[Exercise input]

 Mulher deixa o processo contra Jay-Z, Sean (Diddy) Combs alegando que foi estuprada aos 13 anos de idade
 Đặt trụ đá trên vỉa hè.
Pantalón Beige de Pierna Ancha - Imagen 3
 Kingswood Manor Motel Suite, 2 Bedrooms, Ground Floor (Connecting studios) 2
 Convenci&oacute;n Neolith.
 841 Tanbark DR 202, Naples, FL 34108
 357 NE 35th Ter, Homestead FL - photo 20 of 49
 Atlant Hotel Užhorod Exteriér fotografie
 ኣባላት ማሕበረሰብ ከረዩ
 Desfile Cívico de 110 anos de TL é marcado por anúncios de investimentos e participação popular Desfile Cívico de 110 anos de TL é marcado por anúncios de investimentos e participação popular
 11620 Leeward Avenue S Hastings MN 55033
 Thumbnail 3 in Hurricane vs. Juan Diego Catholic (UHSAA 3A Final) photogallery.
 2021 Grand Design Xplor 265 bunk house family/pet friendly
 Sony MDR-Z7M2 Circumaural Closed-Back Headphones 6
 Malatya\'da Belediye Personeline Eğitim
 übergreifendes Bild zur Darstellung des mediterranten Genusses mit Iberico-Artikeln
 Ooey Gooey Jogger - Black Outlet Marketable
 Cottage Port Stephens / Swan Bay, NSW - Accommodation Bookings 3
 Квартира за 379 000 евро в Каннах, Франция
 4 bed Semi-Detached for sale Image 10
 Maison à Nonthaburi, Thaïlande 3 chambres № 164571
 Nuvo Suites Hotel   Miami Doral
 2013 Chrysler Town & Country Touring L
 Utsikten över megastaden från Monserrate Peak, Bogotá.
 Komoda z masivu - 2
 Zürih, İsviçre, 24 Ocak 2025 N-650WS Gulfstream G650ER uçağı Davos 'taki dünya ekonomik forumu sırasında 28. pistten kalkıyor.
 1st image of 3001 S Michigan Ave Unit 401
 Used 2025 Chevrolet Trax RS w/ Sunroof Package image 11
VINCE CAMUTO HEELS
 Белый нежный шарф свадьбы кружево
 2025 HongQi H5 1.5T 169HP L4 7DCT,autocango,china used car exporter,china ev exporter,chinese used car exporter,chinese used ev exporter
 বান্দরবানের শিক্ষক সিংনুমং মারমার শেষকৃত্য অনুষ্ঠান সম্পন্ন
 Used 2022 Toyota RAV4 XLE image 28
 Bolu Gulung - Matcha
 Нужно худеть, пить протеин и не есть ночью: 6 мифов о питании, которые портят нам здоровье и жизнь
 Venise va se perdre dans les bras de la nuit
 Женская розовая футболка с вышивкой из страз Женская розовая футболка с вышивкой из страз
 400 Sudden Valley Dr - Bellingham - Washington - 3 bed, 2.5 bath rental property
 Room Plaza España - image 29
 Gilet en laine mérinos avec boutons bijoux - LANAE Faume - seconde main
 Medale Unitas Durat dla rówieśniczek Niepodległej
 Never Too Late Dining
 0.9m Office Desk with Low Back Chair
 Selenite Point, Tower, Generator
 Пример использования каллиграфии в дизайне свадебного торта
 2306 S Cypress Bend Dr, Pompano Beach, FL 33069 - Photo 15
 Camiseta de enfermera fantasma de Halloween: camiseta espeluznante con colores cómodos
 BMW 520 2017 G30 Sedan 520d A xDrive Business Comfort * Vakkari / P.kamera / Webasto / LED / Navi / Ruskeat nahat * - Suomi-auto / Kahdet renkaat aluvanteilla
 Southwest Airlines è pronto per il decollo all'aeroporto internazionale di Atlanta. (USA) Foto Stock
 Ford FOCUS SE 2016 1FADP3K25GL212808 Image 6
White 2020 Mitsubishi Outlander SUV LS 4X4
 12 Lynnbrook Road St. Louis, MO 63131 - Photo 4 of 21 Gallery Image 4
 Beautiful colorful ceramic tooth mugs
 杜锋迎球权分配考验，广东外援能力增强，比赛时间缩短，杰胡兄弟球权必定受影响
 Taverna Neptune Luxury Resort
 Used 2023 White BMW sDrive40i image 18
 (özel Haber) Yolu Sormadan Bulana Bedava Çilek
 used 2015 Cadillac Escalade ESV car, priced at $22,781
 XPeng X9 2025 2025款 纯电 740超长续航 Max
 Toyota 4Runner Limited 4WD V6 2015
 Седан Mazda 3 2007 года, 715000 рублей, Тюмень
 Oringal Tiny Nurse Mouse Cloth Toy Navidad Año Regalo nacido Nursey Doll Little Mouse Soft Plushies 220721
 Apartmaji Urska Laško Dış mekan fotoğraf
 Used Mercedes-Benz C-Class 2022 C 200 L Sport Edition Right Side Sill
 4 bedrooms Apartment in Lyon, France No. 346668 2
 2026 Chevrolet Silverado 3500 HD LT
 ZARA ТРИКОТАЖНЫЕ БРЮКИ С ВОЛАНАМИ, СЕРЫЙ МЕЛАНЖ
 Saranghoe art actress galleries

[/Exercise input]

Produce the records once again, exactly as they stand above.

[Answer area]
 Mulher deixa o processo contra Jay-Z, Sean (Diddy) Combs alegando que foi estuprada aos 13 anos de idade
 Đặt trụ đá trên vỉa hè.
Pantalón Beige de Pierna Ancha - Imagen 3
 Kingswood Manor Motel Suite, 2 Bedrooms, Ground Floor (Connecting studios) 2
 Convenci&oacute;n Neolith.
 841 Tanbark DR 202, Naples, FL 34108
 357 NE 35th Ter, Homestead FL - photo 20 of 49
 Atlant Hotel Užhorod Exteriér fotografie
 ኣባላት ማሕበረሰብ ከረዩ
 Desfile Cívico de 110 anos de TL é marcado por anúncios de investimentos e participação popular Desfile Cívico de 110 anos de TL é marcado por anúncios de investimentos e participação popular
 11620 Leeward Avenue S Hastings MN 55033
 Thumbnail 3 in Hurricane vs. Juan Diego Catholic (UHSAA 3A Final) photogallery.
 2021 Grand Design Xplor 265 bunk house family/pet friendly
 Sony MDR-Z7M2 Circumaural Closed-Back Headphones 6
 Malatya\'da Belediye Personeline Eğitim
 übergreifendes Bild zur Darstellung des mediterranten Genusses mit Iberico-Artikeln
 Ooey Gooey Jogger - Black Outlet Marketable
 Cottage Port Stephens / Swan Bay, NSW - Accommodation Bookings 3
 Квартира за 379 000 евро в Каннах, Франция
 4 bed Semi-Detached for sale Image 10
 Maison à Nonthaburi, Thaïlande 3 chambres № 164571
 Nuvo Suites Hotel   Miami Doral
 2013 Chrysler Town & Country Touring L
 Utsikten över megastaden från Monserrate Peak, Bogotá.
 Komoda z masivu - 2
 Zürih, İsviçre, 24 Ocak 2025 N-650WS Gulfstream G650ER uçağı Davos 'taki dünya ekonomik forumu sırasında 28. pistten kalkıyor.
 1st image of 3001 S Michigan Ave Unit 401
 Used 2025 Chevrolet Trax RS w/ Sunroof Package image 11
VINCE CAMUTO HEELS
 Белый нежный шарф свадьбы кружево
 2025 HongQi H5 1.5T 169HP L4 7DCT,autocango,china used car exporter,china ev exporter,chinese used car exporter,chinese used ev exporter
 বান্দরবানের শিক্ষক সিংনুমং মারমার শেষকৃত্য অনুষ্ঠান সম্পন্ন
 Used 2022 Toyota RAV4 XLE image 28
 Bolu Gulung - Matcha
 Нужно худеть, пить протеин и не есть ночью: 6 мифов о питании, которые портят нам здоровье и жизнь
 Venise va se perdre dans les bras de la nuit
 Женская розовая футболка с вышивкой из страз Женская розовая футболка с вышивкой из страз
 400 Sudden Valley Dr - Bellingham - Washington - 3 bed, 2.5 bath rental property
 Room Plaza España - image 29
 Gilet en laine mérinos avec boutons bijoux - LANAE Faume - seconde main
 Medale Unitas Durat dla rówieśniczek Niepodległej
 Never Too Late Dining
 0.9m Office Desk with Low Back Chair
 Selenite Point, Tower, Generator
 Пример использования каллиграфии в дизайне свадебного торта
 2306 S Cypress Bend Dr, Pompano Beach, FL 33069 - Photo 15
 Camiseta de enfermera fantasma de Halloween: camiseta espeluznante con colores cómodos
 BMW 520 2017 G30 Sedan 520d A xDrive Business Comfort * Vakkari / P.kamera / Webasto / LED / Navi / Ruskeat nahat * - Suomi-auto / Kahdet renkaat aluvanteilla
 Southwest Airlines è pronto per il decollo all'aeroporto internazionale di Atlanta. (USA) Foto Stock
 Ford FOCUS SE 2016 1FADP3K25GL212808 Image 6
White 2020 Mitsubishi Outlander SUV LS 4X4
 12 Lynnbrook Road St. Louis, MO 63131 - Photo 4 of 21 Gallery Image 4
 Beautiful colorful ceramic tooth mugs
 杜锋迎球权分配考验，广东外援能力增强，比赛时间缩短，杰胡兄弟球权必定受影响
 Taverna Neptune Luxury Resort
 Used 2023 White BMW sDrive40i image 18
 (özel Haber) Yolu Sormadan Bulana Bedava Çilek
 used 2015 Cadillac Escalade ESV car, priced at $22,781
 XPeng X9 2025 2025款 纯电 740超长续航 Max
 Toyota 4Runner Limited 4WD V6 2015
 Седан Mazda 3 2007 года, 715000 рублей, Тюмень
 Oringal Tiny Nurse Mouse Cloth Toy Navidad Año Regalo nacido Nursey Doll Little Mouse Soft Plushies 220721
 Apartmaji Urska Laško Dış mekan fotoğraf
 Used Mercedes-Benz C-Class 2022 C 200 L Sport Edition Right Side Sill
 4 bedrooms Apartment in Lyon, France No. 346668 2
 2026 Chevrolet Silverado 3500 HD LT
 ZARA ТРИКОТАЖНЫЕ БРЮКИ С ВОЛАНАМИ, СЕРЫЙ МЕЛАНЖ
 Saranghoe art actress galleries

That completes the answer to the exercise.